Re: [lmi] Using auto-vectorization

From:	Greg Chicares
Subject:	Re: [lmi] Using auto-vectorization
Date:	Wed, 25 Jan 2017 11:07:51 +0000
User-agent:	Mozilla/5.0 (X11; Linux x86_64; rv:45.0) Gecko/20100101 Icedove/45.6.0

On 2017-01-24 17:14, Vadim Zeitlin wrote:
> On Tue, 24 Jan 2017 04:11:10 +0000 Greg Chicares <address@hidden> wrote:
> 
> GC> On 2017-01-24 02:49, Vadim Zeitlin wrote:
> GC> [...]
> GC> > ET-based code seems to profit from auto-vectorization just
> GC> > as well as everything else, so I don't see any reason to use anything 
> else,
> GC> > especially if the code clarity and simplicity are the most important
> GC> > criteria.
> GC> > 
> GC> >  Now, whether using the particular PETE library is the best choice in 
> 2017
> GC> > is another question and I suspect that it isn't, but I'm not aware of 
> any
> GC> > critical problems with it neither.
> GC> 
> GC> It seems that there was a flurry of interest around the turn of the
> GC> century, but almost none since then. The audience for ET libraries is
> GC> relatively small, and I'd guess that most potential users chose a
> GC> library long ago and aren't interested in changing.
> 
>  There are still a few actively developed libraries built on ET, e.g. Eigen
> (http://eigen.tuxfamily.org/) or Armadillo (http://arma.sourceforge.net/)

Both seem to be MPL2:
  https://www.gnu.org/licenses/license-list.en.html#GPLCompatibleLicenses
Maybe we should take a look at them someday.

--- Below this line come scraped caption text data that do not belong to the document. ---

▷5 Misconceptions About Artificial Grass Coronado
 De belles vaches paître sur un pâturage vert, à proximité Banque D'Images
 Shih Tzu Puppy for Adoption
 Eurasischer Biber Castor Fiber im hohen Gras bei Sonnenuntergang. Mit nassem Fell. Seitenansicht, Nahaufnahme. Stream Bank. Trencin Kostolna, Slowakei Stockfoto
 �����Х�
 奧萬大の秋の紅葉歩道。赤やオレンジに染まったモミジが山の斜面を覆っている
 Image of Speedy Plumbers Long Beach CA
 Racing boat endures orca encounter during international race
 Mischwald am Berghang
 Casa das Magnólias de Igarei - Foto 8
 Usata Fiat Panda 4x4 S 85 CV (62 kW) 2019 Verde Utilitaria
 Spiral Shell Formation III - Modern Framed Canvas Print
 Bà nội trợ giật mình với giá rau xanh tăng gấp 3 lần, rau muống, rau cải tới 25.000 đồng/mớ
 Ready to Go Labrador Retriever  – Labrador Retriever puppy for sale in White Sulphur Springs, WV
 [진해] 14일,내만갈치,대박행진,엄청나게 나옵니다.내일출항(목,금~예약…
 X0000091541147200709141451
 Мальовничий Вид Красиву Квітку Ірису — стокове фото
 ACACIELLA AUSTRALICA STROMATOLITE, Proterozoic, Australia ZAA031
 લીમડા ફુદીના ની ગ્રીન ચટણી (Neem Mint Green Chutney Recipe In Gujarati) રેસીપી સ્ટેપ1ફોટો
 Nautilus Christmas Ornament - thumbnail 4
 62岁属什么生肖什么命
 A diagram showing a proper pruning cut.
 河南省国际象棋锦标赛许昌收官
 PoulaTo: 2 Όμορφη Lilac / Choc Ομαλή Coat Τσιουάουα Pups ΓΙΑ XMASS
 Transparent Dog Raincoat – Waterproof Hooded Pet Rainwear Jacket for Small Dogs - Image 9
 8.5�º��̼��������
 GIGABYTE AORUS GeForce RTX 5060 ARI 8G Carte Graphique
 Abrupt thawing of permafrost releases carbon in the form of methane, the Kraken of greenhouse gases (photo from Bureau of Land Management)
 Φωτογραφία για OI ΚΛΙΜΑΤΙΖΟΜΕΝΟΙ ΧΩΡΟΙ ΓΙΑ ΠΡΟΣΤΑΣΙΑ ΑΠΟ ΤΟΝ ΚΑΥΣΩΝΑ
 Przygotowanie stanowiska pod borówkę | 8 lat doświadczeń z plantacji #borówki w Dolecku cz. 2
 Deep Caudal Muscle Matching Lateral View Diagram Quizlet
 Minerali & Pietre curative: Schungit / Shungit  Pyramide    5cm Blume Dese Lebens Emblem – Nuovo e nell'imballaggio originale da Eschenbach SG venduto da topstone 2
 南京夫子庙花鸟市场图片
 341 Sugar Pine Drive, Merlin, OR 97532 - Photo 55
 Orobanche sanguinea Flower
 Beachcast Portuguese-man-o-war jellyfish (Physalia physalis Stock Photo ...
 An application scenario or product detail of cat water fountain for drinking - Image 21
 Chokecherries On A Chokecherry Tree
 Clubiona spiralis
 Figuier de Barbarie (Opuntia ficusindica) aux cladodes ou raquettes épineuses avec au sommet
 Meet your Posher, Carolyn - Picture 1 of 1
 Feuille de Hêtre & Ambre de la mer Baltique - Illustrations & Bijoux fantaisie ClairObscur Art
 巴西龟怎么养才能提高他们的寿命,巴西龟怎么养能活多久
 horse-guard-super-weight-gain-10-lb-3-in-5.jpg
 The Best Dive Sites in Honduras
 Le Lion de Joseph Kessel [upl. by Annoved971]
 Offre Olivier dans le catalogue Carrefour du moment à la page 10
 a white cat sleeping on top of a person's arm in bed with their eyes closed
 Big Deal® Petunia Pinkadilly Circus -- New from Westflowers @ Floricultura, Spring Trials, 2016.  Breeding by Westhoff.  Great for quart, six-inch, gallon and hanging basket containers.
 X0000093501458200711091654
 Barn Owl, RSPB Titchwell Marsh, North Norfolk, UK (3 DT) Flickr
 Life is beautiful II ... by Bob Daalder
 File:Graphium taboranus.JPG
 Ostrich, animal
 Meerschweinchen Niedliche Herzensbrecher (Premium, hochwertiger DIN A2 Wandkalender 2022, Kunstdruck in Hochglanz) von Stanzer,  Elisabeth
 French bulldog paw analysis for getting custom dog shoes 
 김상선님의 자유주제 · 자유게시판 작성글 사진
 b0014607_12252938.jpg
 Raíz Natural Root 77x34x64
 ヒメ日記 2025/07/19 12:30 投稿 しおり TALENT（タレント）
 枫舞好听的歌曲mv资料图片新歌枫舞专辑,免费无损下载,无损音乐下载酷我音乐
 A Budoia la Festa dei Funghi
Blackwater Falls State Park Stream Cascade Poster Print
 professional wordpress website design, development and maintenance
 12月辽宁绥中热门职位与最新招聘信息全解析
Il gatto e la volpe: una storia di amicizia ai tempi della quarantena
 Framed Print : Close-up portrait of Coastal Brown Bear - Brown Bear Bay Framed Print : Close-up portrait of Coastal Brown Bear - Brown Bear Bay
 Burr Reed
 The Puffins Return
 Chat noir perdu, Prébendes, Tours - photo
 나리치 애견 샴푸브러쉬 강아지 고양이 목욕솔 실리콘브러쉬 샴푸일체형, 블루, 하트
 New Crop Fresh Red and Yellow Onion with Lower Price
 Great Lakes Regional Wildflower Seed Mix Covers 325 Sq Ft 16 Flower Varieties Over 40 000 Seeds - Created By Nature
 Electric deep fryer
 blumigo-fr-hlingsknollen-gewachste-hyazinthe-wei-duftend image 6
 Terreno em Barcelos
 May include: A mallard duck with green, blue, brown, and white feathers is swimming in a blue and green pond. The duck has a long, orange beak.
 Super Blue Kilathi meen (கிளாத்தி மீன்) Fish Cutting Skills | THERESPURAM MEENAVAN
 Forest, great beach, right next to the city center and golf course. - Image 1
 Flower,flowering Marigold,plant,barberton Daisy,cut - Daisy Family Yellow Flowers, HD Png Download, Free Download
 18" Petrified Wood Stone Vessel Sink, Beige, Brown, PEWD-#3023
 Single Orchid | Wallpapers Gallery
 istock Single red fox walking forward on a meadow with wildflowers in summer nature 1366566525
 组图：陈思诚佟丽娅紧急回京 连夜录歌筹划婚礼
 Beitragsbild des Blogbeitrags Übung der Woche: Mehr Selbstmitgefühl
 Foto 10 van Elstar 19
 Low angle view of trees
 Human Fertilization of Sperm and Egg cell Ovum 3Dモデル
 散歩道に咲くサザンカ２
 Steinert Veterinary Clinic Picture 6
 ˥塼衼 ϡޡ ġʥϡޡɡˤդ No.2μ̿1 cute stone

> and, of course, some older libraries such as Boost.uBLAS are still much
> newer than PETE.

Our universe is vectors of length one to one hundred, the most typical
length being about fifty; in that range, uBLAS is slow:

Running expression_template_0_test:
  Speed tests: array length 1
  C               : 3.109e-007 s =        311 ns, mean of 32169 iterations
  valarray        : 1.686e-007 s =        169 ns, mean of 59310 iterations
  uBLAS           : 3.273e-007 s =        327 ns, mean of 30553 iterations
  PETE            : 1.680e-007 s =        168 ns, mean of 59539 iterations

  Speed tests: array length 10
  C               : 1.764e-007 s =        176 ns, mean of 56685 iterations
  valarray        : 1.782e-007 s =        178 ns, mean of 56134 iterations
  uBLAS           : 3.407e-007 s =        341 ns, mean of 29357 iterations
  PETE            : 1.779e-007 s =        178 ns, mean of 56222 iterations

  Speed tests: array length 100
  C               : 2.786e-007 s =        279 ns, mean of 35892 iterations
  valarray        : 2.799e-007 s =        280 ns, mean of 35728 iterations
  uBLAS           : 4.564e-007 s =        456 ns, mean of 21912 iterations
  PETE            : 2.776e-007 s =        278 ns, mean of 36027 iterations

It's about half the speed of valarray or PETE; it's even slower than the
"STL fancy" test:

///    v2 += v0 - 2.1 * v1;
    std::transform
        (sv0b.begin(),sv0b.end(),sv1b.begin(),tmp0.begin()
        ,std::bind
            (std::minus<double>()
            ,std::placeholders::_1
            ,std::bind(std::multiplies<double>(),std::placeholders::_2,2.1) ) );
    std::transform
        (sv2b.begin(),sv2b.end(),tmp0.begin(),sv2b.begin()
        ,std::plus<double>() );

For N=10000, uBLAS beats "STL fancy", but not by much. It might be
great for linear algebra, but for our purposes it's not suitable.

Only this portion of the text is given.